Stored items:
╭──

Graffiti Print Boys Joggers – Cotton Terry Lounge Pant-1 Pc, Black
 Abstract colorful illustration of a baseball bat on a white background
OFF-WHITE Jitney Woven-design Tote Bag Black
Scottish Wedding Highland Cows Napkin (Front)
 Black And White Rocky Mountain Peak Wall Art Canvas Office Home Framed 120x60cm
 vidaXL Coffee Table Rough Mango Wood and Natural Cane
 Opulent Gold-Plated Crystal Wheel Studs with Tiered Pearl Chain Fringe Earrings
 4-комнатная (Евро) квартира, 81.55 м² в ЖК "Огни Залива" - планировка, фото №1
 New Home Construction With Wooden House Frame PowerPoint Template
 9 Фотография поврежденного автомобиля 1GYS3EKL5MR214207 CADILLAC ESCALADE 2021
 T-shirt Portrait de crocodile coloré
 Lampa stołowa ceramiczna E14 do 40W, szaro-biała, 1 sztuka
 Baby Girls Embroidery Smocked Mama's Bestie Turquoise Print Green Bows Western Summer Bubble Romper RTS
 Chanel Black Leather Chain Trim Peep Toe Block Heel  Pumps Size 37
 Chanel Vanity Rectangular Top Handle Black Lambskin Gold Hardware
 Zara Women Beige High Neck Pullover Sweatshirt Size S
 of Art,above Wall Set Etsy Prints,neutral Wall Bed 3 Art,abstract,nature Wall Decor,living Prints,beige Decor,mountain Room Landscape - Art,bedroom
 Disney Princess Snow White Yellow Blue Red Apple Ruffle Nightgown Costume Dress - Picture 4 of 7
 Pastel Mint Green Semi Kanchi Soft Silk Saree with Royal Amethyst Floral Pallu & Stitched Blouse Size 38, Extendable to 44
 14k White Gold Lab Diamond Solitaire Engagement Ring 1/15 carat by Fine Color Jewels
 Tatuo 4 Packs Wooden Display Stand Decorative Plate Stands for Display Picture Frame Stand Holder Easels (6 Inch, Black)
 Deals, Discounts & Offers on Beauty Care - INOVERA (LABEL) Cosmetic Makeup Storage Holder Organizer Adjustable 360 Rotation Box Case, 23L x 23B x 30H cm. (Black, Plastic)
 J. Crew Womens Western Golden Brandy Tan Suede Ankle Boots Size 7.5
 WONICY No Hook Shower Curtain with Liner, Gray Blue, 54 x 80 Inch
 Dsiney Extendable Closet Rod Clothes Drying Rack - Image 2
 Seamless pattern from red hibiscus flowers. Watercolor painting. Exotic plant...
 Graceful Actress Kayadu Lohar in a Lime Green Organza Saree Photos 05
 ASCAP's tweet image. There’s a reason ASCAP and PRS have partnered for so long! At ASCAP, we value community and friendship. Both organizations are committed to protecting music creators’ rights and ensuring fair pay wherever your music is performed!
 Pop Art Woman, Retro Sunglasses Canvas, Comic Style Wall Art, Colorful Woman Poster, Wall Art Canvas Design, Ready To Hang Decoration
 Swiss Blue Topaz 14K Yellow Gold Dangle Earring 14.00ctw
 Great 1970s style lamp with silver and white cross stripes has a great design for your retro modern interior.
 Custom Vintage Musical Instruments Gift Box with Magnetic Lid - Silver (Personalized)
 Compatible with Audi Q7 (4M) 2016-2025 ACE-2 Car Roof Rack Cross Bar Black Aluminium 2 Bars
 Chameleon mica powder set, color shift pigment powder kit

╰──

◆ **WORK REQUEST**
Each line of the records that holds the word "Green" should be copied out.

◆ **TASK RESULT**
 Baby Girls Embroidery Smocked Mama's Bestie Turquoise Print Green Bows Western Summer Bubble Romper RTS
 Pastel Mint Green Semi Kanchi Soft Silk Saree with Royal Amethyst Floral Pallu & Stitched Blouse Size 38, Extendable to 44
 Graceful Actress Kayadu Lohar in a Lime Green Organza Saree Photos 05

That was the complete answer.